By exposing more people to scholarly works, the OCA project could contribute to improved research and help reverse the trend among publishers of cutting back the number and print runs of books, said Lawrence Pitts, chairman of the University of California Academic Counsel Special Committee on Scholarly Communication.

Rising prices on books from academic publishers has meant fewer purchases by universities, he said. For example, academic presses that used to print 12,000 copies of a book a few years ago are now printing as few as 250 copies, he said.

"It is a terrible problem in the liberal arts, in particular, of getting a first book published, and that is often the ticket to being hired by a good university and getting tenure," Pitts said. "Data show that if you can put the material in an open access arena, the mention of the work doubles or quadruples because people out there in the world can find it better."

The OCA is appealing to publishers and other libraries, universities and archives worldwide to offer materials as well. "This is an international effort, not just domestic," said Dave Mandelbrot, Yahoo's vice president of search content. For example, "we would be very eager to integrate French content into the Open Content Alliance and are working with people in France to make that happen."

After Google announced its effort, the French government said it would embark on its own book digitization project, complaining that the Google plan would only accelerate the domination of the English language over other languages.

The OCA effort was applauded by publisher and author groups who have been critical of Google's effort, including the Association of Learned and professional Society Publishers, the Text and Academic Authors Association, or TAAA, and the Authors Guild.

"It is a wonderful idea. It does all the good things that the Google project was represented as doing, but it respects the copyright," said Richard Hull, executive director of the TAAA.

"Sounds fine, but we would want to see the details, of course," said Paul Aiken, executive director of the Authors Guild. "We have absolutely no problem with digitization of public domain works. With copyright works, we want to make sure the people who actually have the rights are the ones granting the licenses. In most cases it would be the authors."

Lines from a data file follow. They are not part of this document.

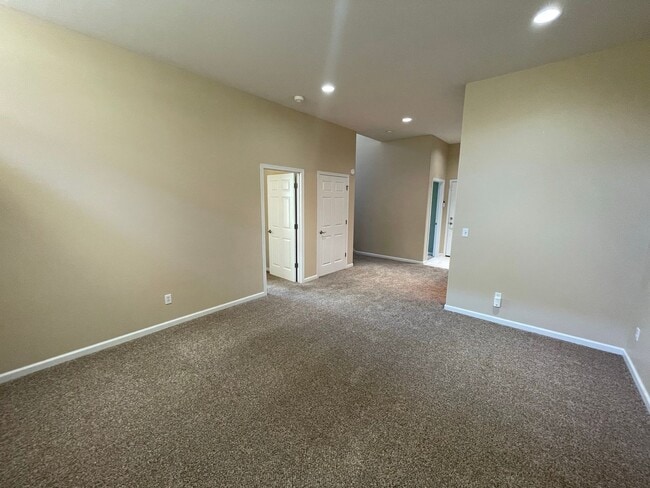 Building Photo - 3511 Cedar Glen Way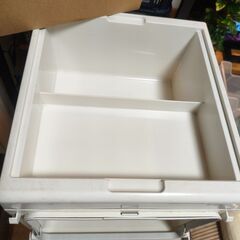 プラスチック3段ワゴン（天板付き）の画像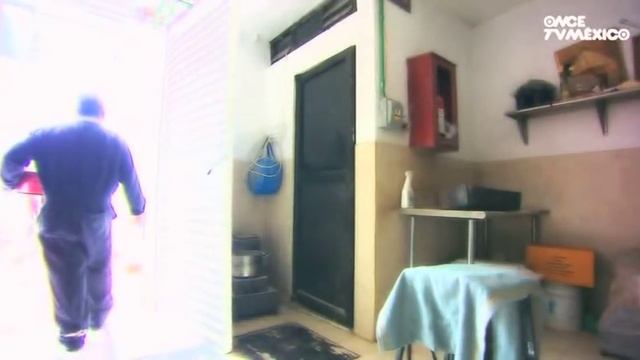 Documental - Vivir De La Muerte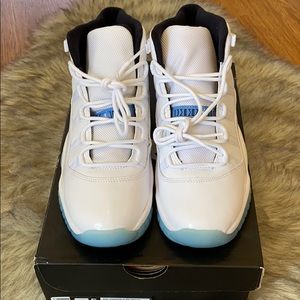 Nike Retro 11 “COLUMBIAS”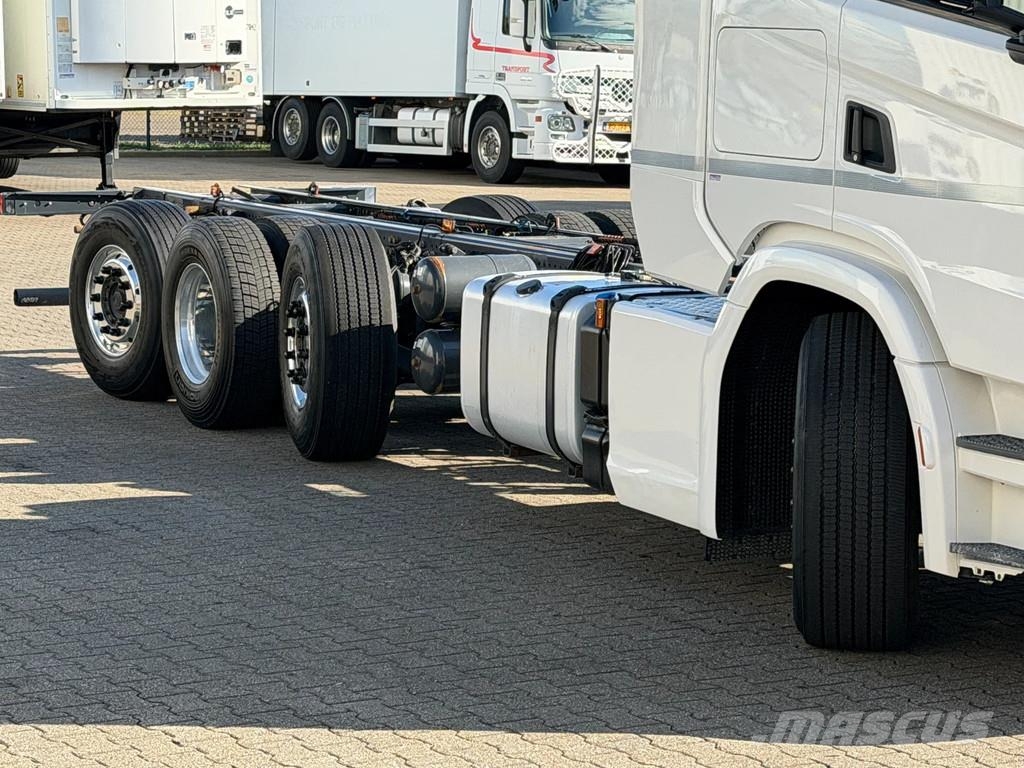 Scania G500 8x2*6 Chassis Retarder Full Air Euro 6D Alcoa キャブ付きシャーシ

The OCA also is looking for ways to help publishers be compensated for offering copyright protected books to the repository, said Mandelbrot. "We are working directly with publishers to come up with business models to encourage them to come up with ways to make works publicly available," he said.

O'Reilly will make some copyright works available, initially without compensation, to encourage others to participate, Yahoo said.

When asked to comment on the Yahoo project, Google spokesman Nate Tyler said, "We welcome efforts to make information accessible to the world."